Рыбаки расселись вокруг с достоинством сенаторов. Каждый устраивался по-своему, один подложил под себя кусок брезента, другой облюбовал удобное бревно.

Рыжебородый уже суетился у котла. Котёл был большой, литров на десять, весь в копоти, но внутри чистый.

— Сейчас, ваше благородие, сейчас! Горячая, с пылу с жару!

Он выбирал кружку, перебрал три, прежде чем нашёл достойную.

Зачерпнул уху налил полную кружку, от щедрости едва не «с горкой». Передал, держа обеими руками, чтобы не расплескать.

Его руки оказались одетыми в рыбацкие перчатки, плотные с отрезанными «пальцами», чтобы сноровистей было нанизывать наживку или распутывать сети.

Ручка кружки оказалась предусмотрительно замотана тряпкой, иначе не взять, металл раскалённый.
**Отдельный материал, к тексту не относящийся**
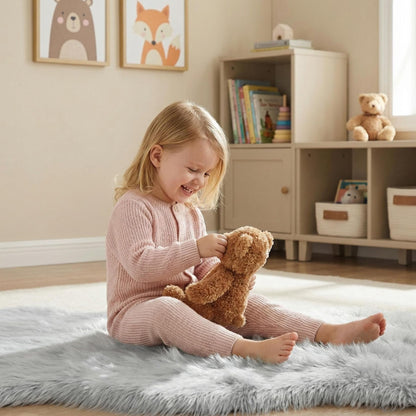 Faux Sheepskin Fur Rug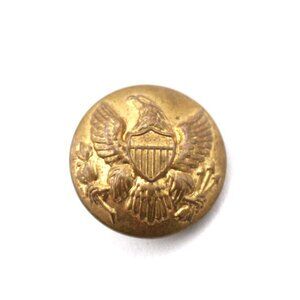 US Military Emblem Button General Staff Uniform Brass Eagle Shield Replacement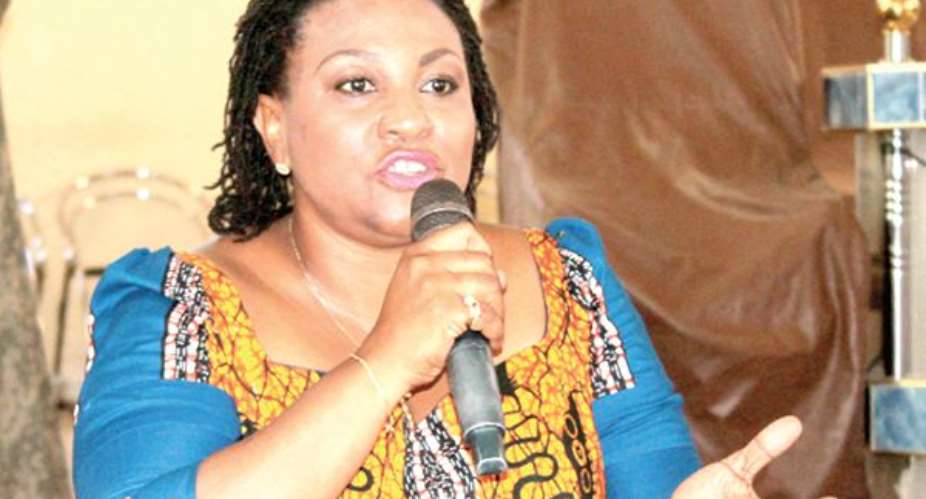 Chairperson of the National Commission for Civic Education (NCCE), Josephine Nkrumah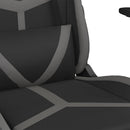 gamingstol kunstlæder sort og grå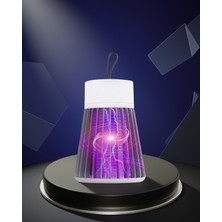 Ecruz Mor Işıklı Şarjlı Böcek Öldürücü 2000 Mah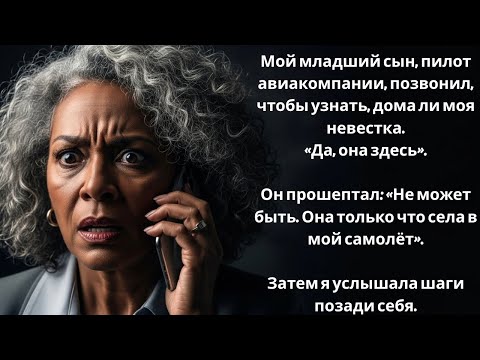 Видео: Мой сын-пилот позвонил: «Не может быть. Она на моём рейсе… её нет дома!»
— Осторожнее, ваше благородие, кипяток!

Пахло божественно. Это был не рыбный суп, который по недоумению называют ухой в ресторанах. Никакого пшена, картофеля, овощей или других добавок.

Только крепчайший бульон, сваренный из речной рыбной мелочи с одному повару известным набором пряностей и трав.

Первый глоток обжёг язык, но вкус был изумительным. Уха была настолько крепкой, что от неё слипались губы. Каждый глоток был полон живительной энергии и силы. В старину таким бульоном отпаивали раненых и лечили хвори. Разумеется, если поблизости не было целителей.

— Хороша уха! — искренне сказал я.

Рыыжебородый просиял улыбкой во весь рот, так что стали видны щербины между зубами:

— Рецепт фамильный, ваше благородие! От отца перенял, а тот от деда. Секрет в травке одной. Та растёт только у нас на болотах. Я с утра специально ходил, нарвал. Щепотку кинешь, и вкус совсем другой! Меня кстати Григорием кличут.